▶ **WHAT YOU WILL DO**:
Give an unaltered copy of the listing below, minus its pictures.

▶ **MATERIAL PROVIDED**:
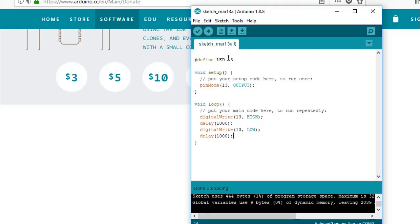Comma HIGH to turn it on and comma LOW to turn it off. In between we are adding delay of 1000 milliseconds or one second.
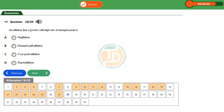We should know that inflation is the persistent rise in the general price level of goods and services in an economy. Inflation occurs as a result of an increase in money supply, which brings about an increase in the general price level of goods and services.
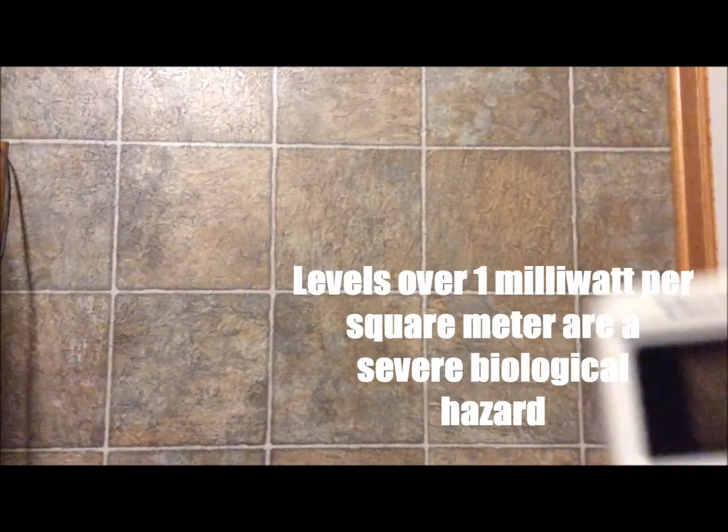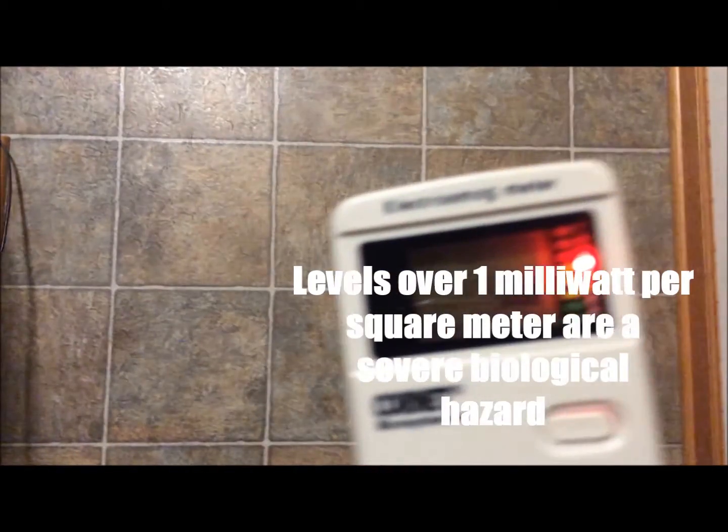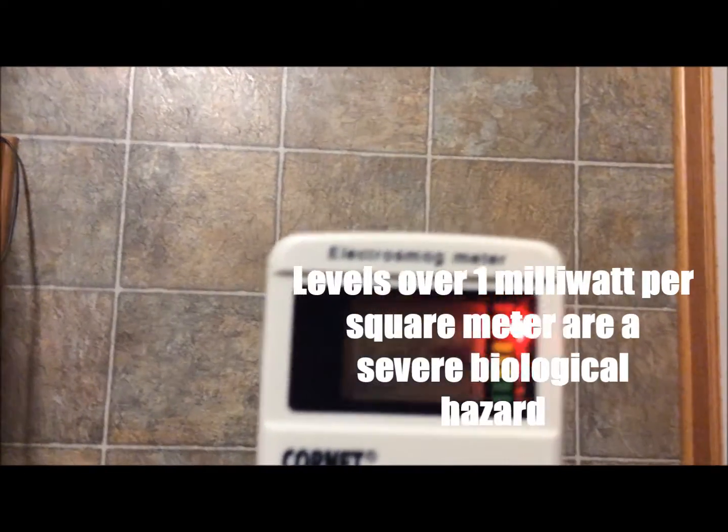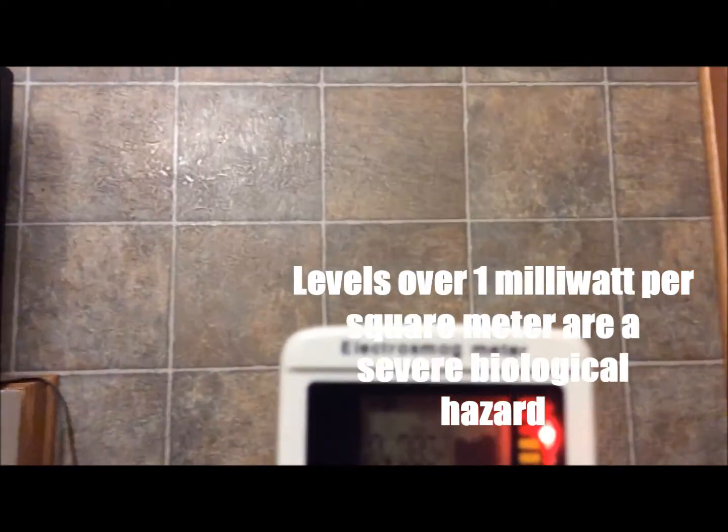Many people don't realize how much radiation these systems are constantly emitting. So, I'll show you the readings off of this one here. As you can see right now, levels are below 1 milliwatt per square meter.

▶ **RESULT OF THE TASK**:
Comma HIGH to turn it on and comma LOW to turn it off. In between we are adding delay of 1000 milliseconds or one second.
We should know that inflation is the persistent rise in the general price level of goods and services in an economy. Inflation occurs as a result of an increase in money supply, which brings about an increase in the general price level of goods and services.
Many people don't realize how much radiation these systems are constantly emitting. So, I'll show you the readings off of this one here. As you can see right now, levels are below 1 milliwatt per square meter.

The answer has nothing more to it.